Sheer happenstance, a passing mood, even the barometric pressure might give one beer the edge over another. “This would be wonderful on a nice, sunny day,” Duff Gillespie said of the hop-centric Victory Prima Pils. “But it’s a rainy, ugly day,” he added, opting for the Flying Dog Raging Bitch and giving that Belgian-style IPA a one-vote edge.

“I might have just eliminated one of my favorites,” lamented executive chef Brian Robinson of Restaurant 3 in choosing the grapefruity Flying Fish Exit 4 American-style tripel over the coriander-and-orange-peel-spiced Southampton Double White. In fact, he did just that, as the Exit 4 likewise triumphed by a single vote.

Twice, Komi sommelier Kathryn Bangs crossed out her first selection, eventually preferring Brewery Ommegang’s Three Philosophers (“maple syrup, honey orange”) over Goose Island Pere Jacques (“funky citrus cheese danish”) and rejecting American strong pale ale RJ Rockers Bell Ringer Ale in favor of Lagunitas Maximus, which the panel chose 7-2. “You’re winning me over, little guy,” she said of the Maximus, with a dash of irony. Measuring 8.2 percent alcohol by volume and containing enough hops to strip the enamel from your teeth (so states the brewery’s Web site), Lagunitas’s double IPA is nobody’s little brother.

Beer Madness tasting glasses. (Astrid Riecken/FOR THE WASHINGTON POST)

Incidentally, no one got the fruit right with Brewery Ommegang’s Three Philosophers, which lost to Pere Jacques, 5-4, in a battle of the abbey ales. “Bitter orange?” guessed contract-brewer Bob Tupper. I detected a “candy apple sweetness.” In fact, Three Philosophers is a blend of a strong dark ale and Lindemans Kriek, a Belgian cherry ale. So much for our learned palates.

There was no mistaking the extra ingredient in Evolution Rise Up Stout, which upended the Oskar Blues Ten Fidy imperial stout, 6-3. “Coffee smell and taste,” wrote Whitney Meagher succinctly of the Rise Up. “Dark, bitter coffee grounds — a rainy day beer,” was Bangs’s assessment. “I recognize this one! I’m so happy it’s here again,” crowed Christina Hoffman.

However, the Ten Fidy received the most glowing praise of any losing beer in this round. “Perfect dessert beer. I wish I didn’t have to decide,” said Hoffman. “Maple syrup, coffee, firewood, my ideal morning,” commented Bangs. Tupper, who cast a minority vote for the Ten Fidy, praised the “really nice blend of roast and hops.”

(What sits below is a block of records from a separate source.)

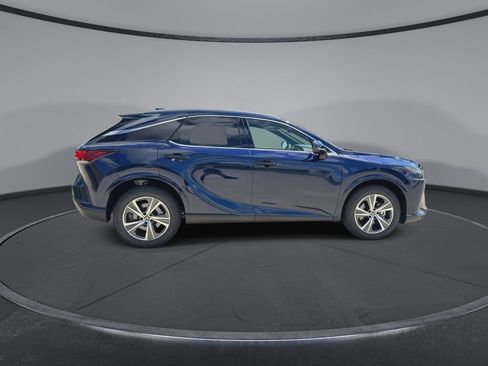 Used 2026 Lexus RX 350 Premium w/ Accessory Package (Z1) FWD image 9
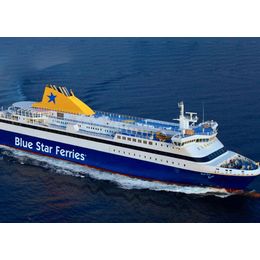 🚢 Island Hopping Made Easy with Ferryhopper US: Your Smart Way to Book Ferries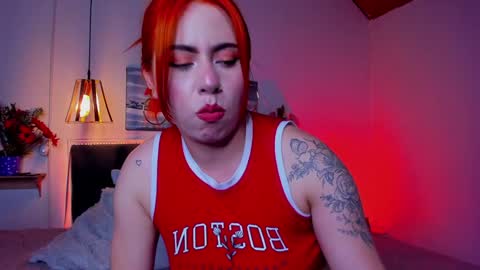 DULCE online show from 17, 1, 2025
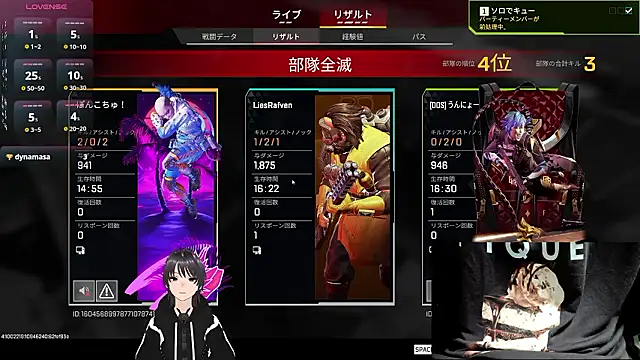 Pui-Ch – webcam-show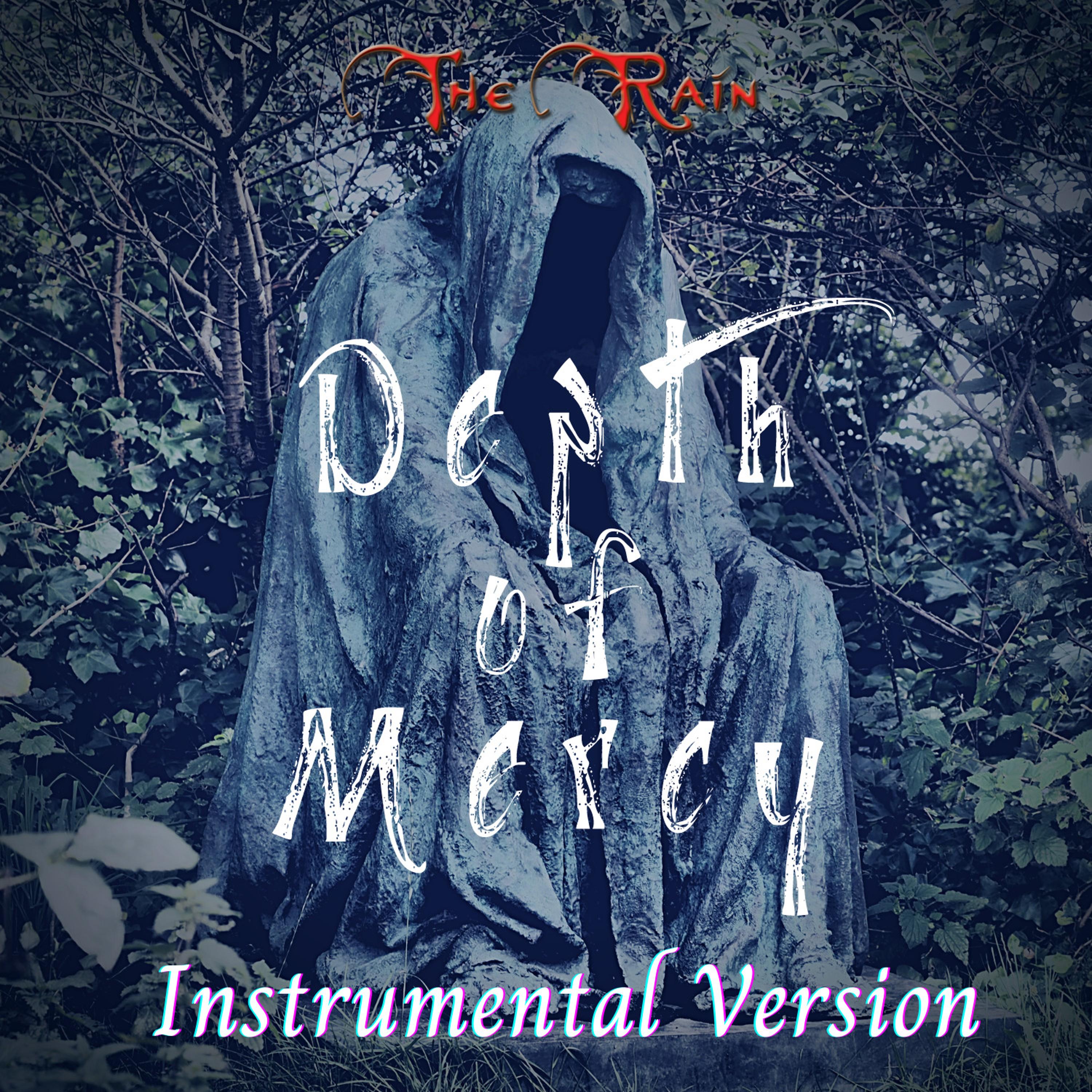 Depth of Mercy (Instrumental Version)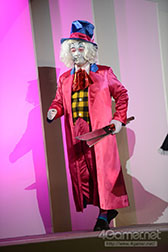 ꡼ No.208 | TGS 2015ϡCosplay Collection Nightפͤ򤿤äפμ̿ǥݡ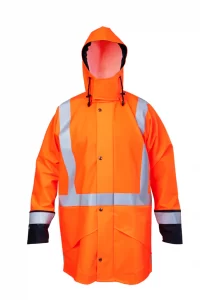 Kaiwaka Tufflex Parka Hi-Vis, TFH770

Some of the comments were almost apologetic. “Hard to eliminate this one,” wrote Gillespie in rejecting the Williamsburg AleWerks Tavern Ale in favor of the lighter, crisper, fruitier Long Trail Double Bag. “Nice brew, but goodbye!” (The panel agreed, advancing Double Bag by a 5-4 vote.) 

“This was a tough choice. Both are great,” equivocated Justin Garcia, finally picking the Breckenridge Vanilla Porter over Great Lakes Edmund Fitzgerald Porter. (The Vanilla Porter fell, 4-5, but not before eliciting the most colorful descriptor of the round, as Tupper compared its aroma to that of “Fig Newtons.”)

My toughest decision came in choosing between the DuClaw Misery, a barley wine that I found rich, sweet and warming (“almost sugary”), and Samuel Adams Double Bock, with its depth of malt and “raisiny fruitiness.” Hiromi Kowaguchi agreed: “So hard to choose! Both so good!” But she chose the winner, Misery, while I picked the Double Bock, which fell, 5-4, in a losing cause.